Required work:
Set down the entries that follow exactly as written, leaving out any images.

Source material:
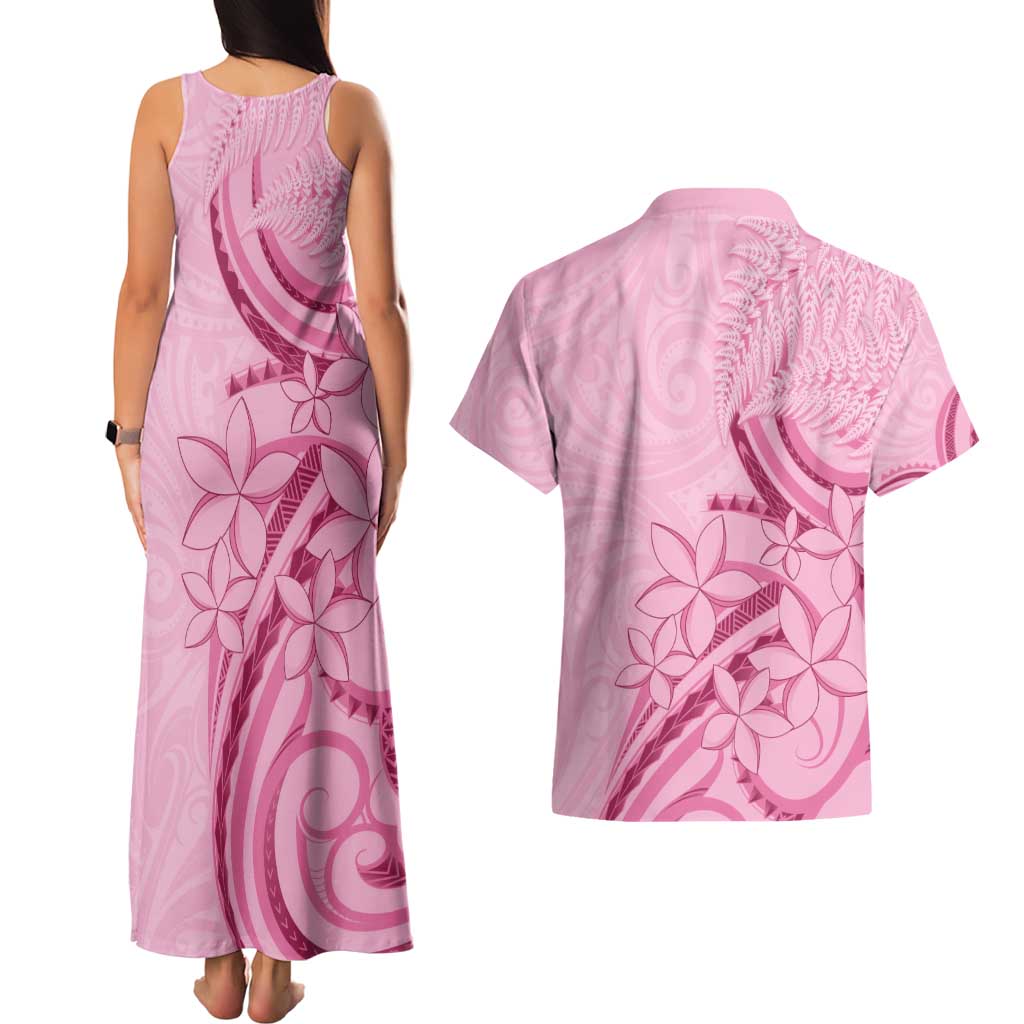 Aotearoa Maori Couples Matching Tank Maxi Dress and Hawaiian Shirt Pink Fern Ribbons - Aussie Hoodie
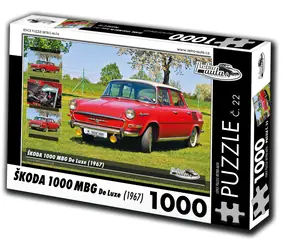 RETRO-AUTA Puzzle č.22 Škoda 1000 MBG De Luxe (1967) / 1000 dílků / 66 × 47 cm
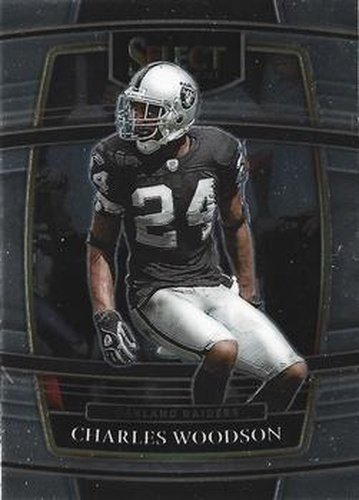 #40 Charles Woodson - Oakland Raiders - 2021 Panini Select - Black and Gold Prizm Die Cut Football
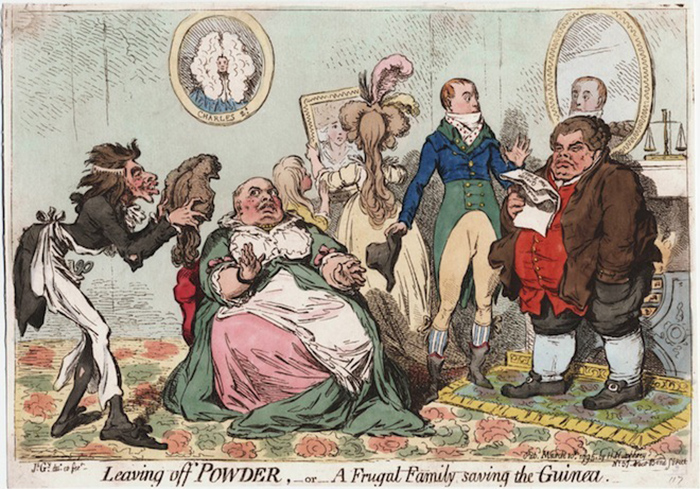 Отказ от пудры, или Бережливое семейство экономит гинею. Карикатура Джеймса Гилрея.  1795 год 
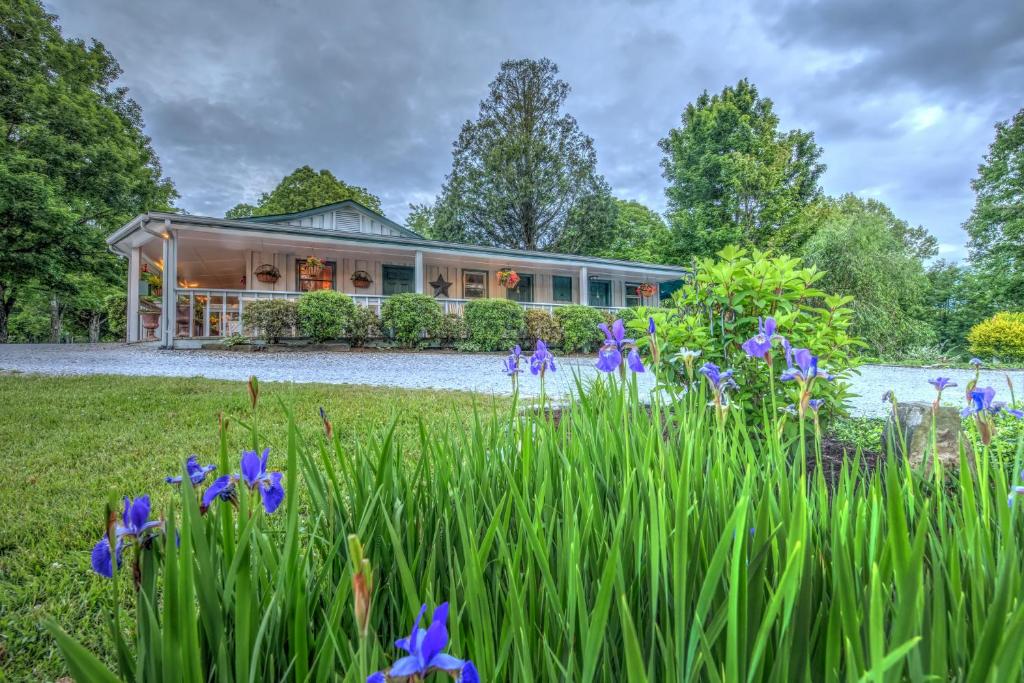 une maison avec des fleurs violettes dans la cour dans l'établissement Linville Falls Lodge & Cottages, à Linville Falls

Task result:
 Aotearoa Maori Couples Matching Tank Maxi Dress and Hawaiian Shirt Pink Fern Ribbons - Aussie Hoodie
 RETRO-AUTA Puzzle č.22 Škoda 1000 MBG De Luxe (1967) / 1000 dílků / 66 × 47 cm
 #40 Charles Woodson - Oakland Raiders - 2021 Panini Select - Black and Gold Prizm Die Cut Football
 Отказ от пудры, или Бережливое семейство экономит гинею. Карикатура Джеймса Гилрея.  1795 год 
 une maison avec des fleurs violettes dans la cour dans l'établissement Linville Falls Lodge & Cottages, à Linville Falls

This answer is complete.